Problem to work on :: For the material below, return exactly the lines starting at the line containing "Housse de coussin" and ending at the line containing "Ceren Moray, bu", both ends included, and no others.

Data supplied ::
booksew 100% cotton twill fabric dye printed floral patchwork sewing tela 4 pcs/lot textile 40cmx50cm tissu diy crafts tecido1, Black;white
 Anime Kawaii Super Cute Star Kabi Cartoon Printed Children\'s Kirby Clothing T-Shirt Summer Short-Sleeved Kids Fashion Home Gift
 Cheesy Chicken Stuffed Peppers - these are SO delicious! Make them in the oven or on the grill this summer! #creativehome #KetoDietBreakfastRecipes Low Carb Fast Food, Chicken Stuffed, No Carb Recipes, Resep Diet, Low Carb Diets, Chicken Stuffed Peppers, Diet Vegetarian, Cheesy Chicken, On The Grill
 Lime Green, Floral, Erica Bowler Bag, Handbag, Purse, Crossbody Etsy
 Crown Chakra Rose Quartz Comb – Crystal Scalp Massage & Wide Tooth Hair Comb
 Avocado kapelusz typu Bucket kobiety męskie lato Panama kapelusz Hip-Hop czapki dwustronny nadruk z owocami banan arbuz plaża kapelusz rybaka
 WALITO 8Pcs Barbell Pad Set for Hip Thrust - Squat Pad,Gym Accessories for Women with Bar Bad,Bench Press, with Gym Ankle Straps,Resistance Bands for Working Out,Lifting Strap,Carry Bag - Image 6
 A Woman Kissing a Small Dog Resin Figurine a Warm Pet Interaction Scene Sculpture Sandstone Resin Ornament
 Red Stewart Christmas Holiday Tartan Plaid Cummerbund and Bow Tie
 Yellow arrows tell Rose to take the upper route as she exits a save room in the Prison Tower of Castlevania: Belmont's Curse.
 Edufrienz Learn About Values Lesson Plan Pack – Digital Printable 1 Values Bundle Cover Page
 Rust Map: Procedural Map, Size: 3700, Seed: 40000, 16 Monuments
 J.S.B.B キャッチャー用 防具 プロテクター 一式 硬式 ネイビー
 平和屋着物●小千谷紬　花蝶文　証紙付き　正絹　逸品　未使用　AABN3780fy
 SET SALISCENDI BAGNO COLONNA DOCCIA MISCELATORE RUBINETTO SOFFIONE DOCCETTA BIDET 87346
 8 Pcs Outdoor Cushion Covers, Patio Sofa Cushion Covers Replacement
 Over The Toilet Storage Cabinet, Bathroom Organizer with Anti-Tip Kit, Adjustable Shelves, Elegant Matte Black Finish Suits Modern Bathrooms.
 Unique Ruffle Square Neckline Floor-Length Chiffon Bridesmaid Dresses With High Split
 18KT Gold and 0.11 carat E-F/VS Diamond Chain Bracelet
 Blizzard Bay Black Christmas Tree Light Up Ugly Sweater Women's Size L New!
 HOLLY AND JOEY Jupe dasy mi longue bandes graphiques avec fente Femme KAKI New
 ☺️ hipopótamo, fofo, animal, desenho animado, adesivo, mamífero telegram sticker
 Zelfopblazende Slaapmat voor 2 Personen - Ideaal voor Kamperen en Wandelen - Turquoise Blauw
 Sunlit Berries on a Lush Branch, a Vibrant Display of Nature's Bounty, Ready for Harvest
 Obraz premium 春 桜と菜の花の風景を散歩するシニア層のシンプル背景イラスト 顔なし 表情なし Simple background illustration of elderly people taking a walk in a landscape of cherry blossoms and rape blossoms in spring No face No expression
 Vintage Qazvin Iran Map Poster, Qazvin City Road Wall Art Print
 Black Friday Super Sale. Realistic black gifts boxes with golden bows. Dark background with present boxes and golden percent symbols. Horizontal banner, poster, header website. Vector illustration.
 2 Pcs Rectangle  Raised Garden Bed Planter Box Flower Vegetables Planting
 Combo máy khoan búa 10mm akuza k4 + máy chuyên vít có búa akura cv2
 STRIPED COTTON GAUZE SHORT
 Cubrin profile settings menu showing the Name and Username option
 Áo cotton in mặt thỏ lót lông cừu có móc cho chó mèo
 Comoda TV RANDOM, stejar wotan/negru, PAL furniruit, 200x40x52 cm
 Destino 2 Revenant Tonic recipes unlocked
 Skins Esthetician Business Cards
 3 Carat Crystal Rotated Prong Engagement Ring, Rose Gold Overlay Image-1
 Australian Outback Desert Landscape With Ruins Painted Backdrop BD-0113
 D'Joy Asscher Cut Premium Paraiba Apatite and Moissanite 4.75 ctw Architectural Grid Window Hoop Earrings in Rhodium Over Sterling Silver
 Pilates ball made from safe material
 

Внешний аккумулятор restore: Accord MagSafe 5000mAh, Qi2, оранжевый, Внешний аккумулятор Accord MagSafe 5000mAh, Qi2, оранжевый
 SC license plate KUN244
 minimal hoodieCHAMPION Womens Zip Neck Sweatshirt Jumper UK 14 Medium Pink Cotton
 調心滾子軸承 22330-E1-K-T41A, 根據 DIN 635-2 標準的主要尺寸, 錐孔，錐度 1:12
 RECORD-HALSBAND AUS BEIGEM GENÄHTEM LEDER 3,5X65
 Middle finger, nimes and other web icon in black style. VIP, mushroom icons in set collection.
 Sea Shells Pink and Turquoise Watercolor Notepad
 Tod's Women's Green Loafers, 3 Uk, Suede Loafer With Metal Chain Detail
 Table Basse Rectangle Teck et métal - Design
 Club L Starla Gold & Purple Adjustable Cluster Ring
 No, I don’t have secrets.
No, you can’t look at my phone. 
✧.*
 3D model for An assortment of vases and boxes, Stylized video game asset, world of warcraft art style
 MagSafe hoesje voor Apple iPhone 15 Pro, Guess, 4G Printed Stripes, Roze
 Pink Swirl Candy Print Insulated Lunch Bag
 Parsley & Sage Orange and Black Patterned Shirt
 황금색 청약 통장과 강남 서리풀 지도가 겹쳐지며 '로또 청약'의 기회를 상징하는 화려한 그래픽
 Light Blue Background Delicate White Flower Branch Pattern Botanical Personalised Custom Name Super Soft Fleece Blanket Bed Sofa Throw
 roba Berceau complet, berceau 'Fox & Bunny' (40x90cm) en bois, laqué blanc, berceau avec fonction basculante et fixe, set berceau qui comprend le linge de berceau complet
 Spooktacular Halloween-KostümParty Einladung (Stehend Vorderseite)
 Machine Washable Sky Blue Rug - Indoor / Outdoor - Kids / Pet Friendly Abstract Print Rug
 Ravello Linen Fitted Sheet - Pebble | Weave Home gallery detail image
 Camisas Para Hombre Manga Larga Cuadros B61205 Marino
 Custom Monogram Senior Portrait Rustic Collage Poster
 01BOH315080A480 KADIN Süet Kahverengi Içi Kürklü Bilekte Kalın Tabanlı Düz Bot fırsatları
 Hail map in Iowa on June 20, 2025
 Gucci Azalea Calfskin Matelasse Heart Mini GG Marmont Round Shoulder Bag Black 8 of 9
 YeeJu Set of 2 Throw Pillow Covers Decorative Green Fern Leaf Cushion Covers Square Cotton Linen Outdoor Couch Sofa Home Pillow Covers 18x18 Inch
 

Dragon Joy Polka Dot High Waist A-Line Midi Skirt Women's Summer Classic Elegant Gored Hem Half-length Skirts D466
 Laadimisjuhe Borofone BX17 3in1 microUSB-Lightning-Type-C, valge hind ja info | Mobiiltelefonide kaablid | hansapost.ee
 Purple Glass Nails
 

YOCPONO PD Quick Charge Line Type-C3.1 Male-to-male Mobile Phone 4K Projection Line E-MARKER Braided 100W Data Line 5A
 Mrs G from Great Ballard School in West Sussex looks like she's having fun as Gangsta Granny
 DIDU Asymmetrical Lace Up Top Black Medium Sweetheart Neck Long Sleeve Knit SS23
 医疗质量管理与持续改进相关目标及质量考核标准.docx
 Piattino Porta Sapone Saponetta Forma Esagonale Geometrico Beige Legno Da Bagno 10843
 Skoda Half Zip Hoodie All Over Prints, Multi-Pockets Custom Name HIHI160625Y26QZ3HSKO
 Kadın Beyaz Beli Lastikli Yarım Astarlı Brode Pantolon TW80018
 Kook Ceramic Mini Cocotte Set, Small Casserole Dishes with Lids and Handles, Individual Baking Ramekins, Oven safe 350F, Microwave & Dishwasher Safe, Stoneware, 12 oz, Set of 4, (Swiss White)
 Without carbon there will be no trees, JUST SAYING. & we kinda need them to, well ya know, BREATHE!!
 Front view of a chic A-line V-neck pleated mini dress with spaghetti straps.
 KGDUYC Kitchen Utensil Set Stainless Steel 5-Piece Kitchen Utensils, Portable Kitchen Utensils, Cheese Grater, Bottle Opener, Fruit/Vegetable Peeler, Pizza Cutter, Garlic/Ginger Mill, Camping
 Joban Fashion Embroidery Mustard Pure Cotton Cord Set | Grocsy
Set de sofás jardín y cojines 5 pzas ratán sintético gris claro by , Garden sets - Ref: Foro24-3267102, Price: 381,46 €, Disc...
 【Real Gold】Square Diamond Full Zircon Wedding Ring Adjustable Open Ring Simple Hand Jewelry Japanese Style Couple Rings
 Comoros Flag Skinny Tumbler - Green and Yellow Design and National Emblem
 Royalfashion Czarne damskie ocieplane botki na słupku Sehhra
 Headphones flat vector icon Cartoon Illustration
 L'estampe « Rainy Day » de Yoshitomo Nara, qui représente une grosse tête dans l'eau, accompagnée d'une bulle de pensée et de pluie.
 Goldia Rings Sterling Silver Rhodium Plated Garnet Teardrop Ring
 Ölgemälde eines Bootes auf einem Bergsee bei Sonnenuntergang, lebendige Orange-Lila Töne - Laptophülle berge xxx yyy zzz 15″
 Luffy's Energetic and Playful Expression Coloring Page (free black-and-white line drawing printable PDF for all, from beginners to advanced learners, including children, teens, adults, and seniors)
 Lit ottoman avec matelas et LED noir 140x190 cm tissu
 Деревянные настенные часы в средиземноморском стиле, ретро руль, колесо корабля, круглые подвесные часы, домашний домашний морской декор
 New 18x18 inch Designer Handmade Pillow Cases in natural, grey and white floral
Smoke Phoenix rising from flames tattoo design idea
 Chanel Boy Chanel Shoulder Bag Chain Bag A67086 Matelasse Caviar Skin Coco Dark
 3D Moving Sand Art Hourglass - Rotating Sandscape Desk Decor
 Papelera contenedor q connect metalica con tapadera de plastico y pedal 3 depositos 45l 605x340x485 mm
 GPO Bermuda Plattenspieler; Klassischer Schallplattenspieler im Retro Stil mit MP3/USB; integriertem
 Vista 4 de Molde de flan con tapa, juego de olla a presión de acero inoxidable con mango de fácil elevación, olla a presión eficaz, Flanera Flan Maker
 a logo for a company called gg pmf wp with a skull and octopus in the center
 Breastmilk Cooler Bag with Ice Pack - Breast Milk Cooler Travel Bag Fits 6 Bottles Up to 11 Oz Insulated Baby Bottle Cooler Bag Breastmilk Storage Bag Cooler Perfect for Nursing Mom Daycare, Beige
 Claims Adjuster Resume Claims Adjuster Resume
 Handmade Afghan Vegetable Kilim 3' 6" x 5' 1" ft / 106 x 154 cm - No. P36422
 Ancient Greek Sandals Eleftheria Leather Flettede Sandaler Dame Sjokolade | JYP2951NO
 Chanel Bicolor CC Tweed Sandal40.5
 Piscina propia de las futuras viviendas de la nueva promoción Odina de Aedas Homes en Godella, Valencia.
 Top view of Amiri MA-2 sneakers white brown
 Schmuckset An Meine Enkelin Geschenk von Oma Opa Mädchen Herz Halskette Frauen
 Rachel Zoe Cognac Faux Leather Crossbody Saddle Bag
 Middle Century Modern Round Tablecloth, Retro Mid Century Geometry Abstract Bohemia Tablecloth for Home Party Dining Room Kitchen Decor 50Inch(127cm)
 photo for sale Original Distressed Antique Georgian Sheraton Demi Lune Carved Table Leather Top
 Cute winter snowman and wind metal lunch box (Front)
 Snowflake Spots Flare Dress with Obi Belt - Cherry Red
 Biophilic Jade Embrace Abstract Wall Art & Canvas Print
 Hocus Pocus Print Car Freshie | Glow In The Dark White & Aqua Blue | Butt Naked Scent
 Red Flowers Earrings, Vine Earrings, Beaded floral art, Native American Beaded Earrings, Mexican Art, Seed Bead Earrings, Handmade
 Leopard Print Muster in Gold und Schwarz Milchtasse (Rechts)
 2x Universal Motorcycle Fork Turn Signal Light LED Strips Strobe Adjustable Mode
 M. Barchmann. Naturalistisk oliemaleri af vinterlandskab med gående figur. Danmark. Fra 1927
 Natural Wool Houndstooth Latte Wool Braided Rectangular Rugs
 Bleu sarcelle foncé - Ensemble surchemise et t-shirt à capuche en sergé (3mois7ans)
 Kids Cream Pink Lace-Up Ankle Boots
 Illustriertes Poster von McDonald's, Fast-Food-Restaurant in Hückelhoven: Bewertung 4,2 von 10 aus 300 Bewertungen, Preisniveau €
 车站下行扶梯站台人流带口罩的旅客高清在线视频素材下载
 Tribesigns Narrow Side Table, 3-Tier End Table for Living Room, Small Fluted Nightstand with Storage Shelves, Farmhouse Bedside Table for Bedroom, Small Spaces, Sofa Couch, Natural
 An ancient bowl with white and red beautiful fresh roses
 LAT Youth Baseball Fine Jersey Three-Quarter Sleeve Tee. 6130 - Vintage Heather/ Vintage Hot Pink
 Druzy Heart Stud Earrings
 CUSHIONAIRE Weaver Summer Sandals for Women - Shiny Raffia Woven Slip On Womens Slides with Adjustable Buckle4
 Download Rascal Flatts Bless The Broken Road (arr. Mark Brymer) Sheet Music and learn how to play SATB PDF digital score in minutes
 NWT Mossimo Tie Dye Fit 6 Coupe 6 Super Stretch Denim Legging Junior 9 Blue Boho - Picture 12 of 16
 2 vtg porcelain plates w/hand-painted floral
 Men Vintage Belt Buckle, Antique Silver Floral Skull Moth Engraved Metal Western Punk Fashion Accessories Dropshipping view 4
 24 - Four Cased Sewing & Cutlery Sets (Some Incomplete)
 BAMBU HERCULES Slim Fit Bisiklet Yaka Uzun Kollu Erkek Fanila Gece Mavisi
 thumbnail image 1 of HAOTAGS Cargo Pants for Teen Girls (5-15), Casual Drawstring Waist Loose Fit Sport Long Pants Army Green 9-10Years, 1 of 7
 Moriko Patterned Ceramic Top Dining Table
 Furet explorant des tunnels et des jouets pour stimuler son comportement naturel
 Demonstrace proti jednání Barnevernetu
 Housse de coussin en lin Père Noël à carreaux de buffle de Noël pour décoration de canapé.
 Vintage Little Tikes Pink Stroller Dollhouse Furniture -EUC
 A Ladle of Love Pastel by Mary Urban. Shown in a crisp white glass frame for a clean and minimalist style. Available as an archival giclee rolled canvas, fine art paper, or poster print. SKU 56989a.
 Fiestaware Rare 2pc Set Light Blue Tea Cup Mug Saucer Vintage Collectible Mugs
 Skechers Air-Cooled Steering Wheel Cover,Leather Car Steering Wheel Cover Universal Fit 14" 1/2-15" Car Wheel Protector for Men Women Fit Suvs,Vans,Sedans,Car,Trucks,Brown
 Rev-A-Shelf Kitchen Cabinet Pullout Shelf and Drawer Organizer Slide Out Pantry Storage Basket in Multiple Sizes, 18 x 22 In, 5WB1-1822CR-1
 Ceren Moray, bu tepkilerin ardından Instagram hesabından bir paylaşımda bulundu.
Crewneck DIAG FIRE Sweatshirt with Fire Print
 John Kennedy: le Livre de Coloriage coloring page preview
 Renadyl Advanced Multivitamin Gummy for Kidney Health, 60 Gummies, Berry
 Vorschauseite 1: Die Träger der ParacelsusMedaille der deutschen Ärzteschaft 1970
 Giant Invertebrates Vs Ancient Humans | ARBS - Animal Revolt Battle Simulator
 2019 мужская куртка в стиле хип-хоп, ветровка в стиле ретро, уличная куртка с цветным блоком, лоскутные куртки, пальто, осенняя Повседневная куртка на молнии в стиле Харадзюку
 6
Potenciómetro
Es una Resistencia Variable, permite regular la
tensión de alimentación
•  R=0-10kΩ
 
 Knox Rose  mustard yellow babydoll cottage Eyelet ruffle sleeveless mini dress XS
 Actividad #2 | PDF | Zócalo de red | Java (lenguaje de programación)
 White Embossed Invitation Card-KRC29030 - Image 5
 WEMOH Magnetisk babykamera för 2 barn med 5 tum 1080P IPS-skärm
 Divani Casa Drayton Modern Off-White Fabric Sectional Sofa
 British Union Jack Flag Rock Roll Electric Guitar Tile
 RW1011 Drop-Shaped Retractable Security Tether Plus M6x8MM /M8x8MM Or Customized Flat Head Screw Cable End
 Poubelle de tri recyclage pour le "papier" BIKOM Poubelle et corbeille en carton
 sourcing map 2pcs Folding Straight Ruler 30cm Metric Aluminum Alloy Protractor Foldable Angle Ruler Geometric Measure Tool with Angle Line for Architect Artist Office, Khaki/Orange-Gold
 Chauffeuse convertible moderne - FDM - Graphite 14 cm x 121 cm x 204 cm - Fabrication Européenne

The answer ::
 Housse de coussin en lin Père Noël à carreaux de buffle de Noël pour décoration de canapé.
 Vintage Little Tikes Pink Stroller Dollhouse Furniture -EUC
 A Ladle of Love Pastel by Mary Urban. Shown in a crisp white glass frame for a clean and minimalist style. Available as an archival giclee rolled canvas, fine art paper, or poster print. SKU 56989a.
 Fiestaware Rare 2pc Set Light Blue Tea Cup Mug Saucer Vintage Collectible Mugs
 Skechers Air-Cooled Steering Wheel Cover,Leather Car Steering Wheel Cover Universal Fit 14" 1/2-15" Car Wheel Protector for Men Women Fit Suvs,Vans,Sedans,Car,Trucks,Brown
 Rev-A-Shelf Kitchen Cabinet Pullout Shelf and Drawer Organizer Slide Out Pantry Storage Basket in Multiple Sizes, 18 x 22 In, 5WB1-1822CR-1
 Ceren Moray, bu tepkilerin ardından Instagram hesabından bir paylaşımda bulundu.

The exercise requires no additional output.